In regions with heavy clay soil, deep rooted native plants break-up the soil better than typical varieties of lawn grass, thus improving clay soil’s permeability. However, busting through layers of clay takes time so expect clay based rain gardens to take several years to fully develop.
- Unless there is purist concern for use of actual native plant species, rain garden landscapes can be enhanced by the use of varietals of native species.
These ornamental forms of native plants usually possess different flower or leaf color, shape or size; however, most varietals continue to be adaptable to rain garden conditions. Many plant nurseries will have a supply of these types of plants.
- Make certain that chosen plants are compatible with the climate where the garden is to be developed.
Most plant nursery stock will include a label with USDA plant hardiness zone information for that particular species.
Another good reference for determining the hardiness zone of a particular plant species is ‘The American Horticultural Society A-Z Encyclopedia of Garden Plants’. 2004. By H. Marc Cathy and Christopher Brickell; D K Publishing Inc, NY, New York.
Details determining the hardiness zone of the area where the rain garden is to be installed can be found at: USDA Plant Hardiness Zone Map or GrowIt.com (clearer state maps provided).
Be wary of using plant catalogs as a source for information on hardiness zones of plants to be purchased.
- Sunlight requirements of individual plant species is an important consideration.
Nursery plant labels contain this information. Other references include:
Plants for Stormwater Design: Species Selection for the Upper Midwest.
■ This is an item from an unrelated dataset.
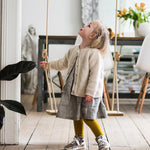 Girl stood looking up at the grand oak rope swing in a wooden living room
[available online at MPCA]
The American Horticultural Society A-Z Encyclopedia of Garden Plants. 2004. By H. Marc Cathy and Christopher Brickell; D K Publishing Inc, NY, New York.
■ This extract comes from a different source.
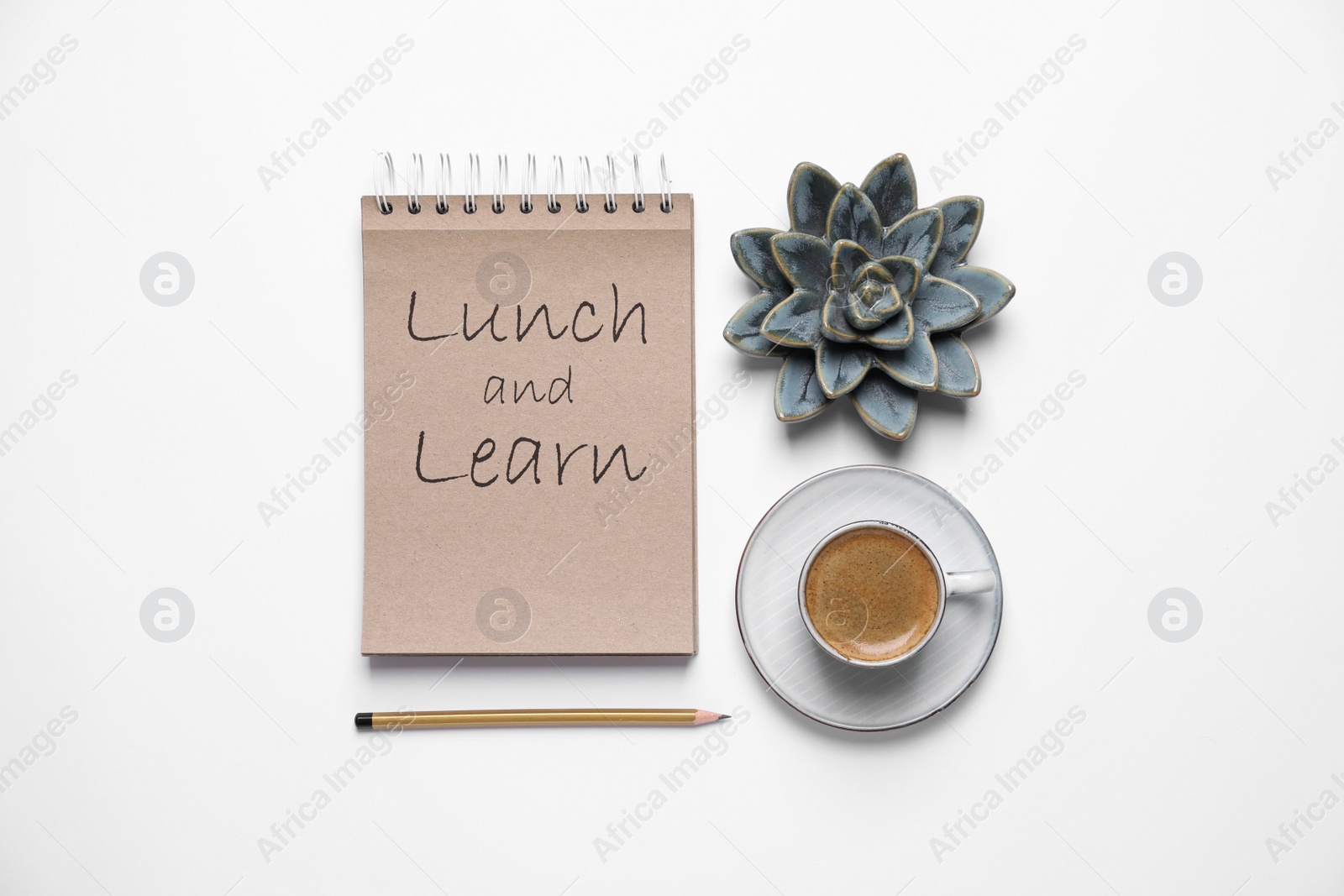 Image of Lunch and Learn concept. Composition with notebook and coffee on white background, top view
The South St. Louis Soil & Water Conservation District developed a list of plants used for their Northshore Community School Demonstration Project.
The University of Minnesota-Duluth’s College Street Parking Lot Rain Garden project also developed a comprehensive list of plants.
Stormwater Manual (November 2005) includes a chapter with recommended
plants for a variety of vegetated stormwater BMPs.
- Use of a rain barrel located under other gutter downspouts and connected with a soaker hose to the rain garden(s) can help spread rainfall over longer periods of time, thereby further slowing the flow of stormwater and increasing its infiltration.
See the rain barrel page for more information on installing rain barrels.
- If personal land ownership provides an available supply of native plants listed for the rain garden, be cautious in removing these wild plants.
Often wild plants do not transplant successfully or are rare in particular habitats and should not be removed.
Plants may also be available from some development sites prior to beginnings of clearing and construction. The cautions associated with the sometimes low success of transplanting and the rarity of the plants to be harvested must be addressed.
Advice should be sought from local nurseries or a professional horticulturist.
Propagation from seed is a much more desirable approach. However, the germination of seeds of many native plants requires adoption of special techniques. A little time researching propagation requirements for native plants will result in a more successful outcome.
To find general information on native plant seed germination techniques see: Wild Ones®
Landscaping With Native Plants.
The following books discuss useful plants for stormwater design, including the seed germination techniques required of specific species:
Plants for Stormwater Design: Species Selection for the Upper Midwest. 2003. By Daniel Shaw and Rusty Schmidt;
published by Minnesota Pollution Control Agency and is reproduced online (PDF Files) at
Restoring the Tallgrass Prairie: An illustrated manual for Iowa and the Upper Midwest. 1994. By Shirley Shirley;
published by University of Iowa Press (numerous prairie plants range far north beyond traditional prairie boundaries).
- Rain gardens will not remove permanent stands of water (pool or pond) in a yard. However, water gardens can be designed to incorporate such a feature.
- Do not locate rain gardens over septic systems or near wells.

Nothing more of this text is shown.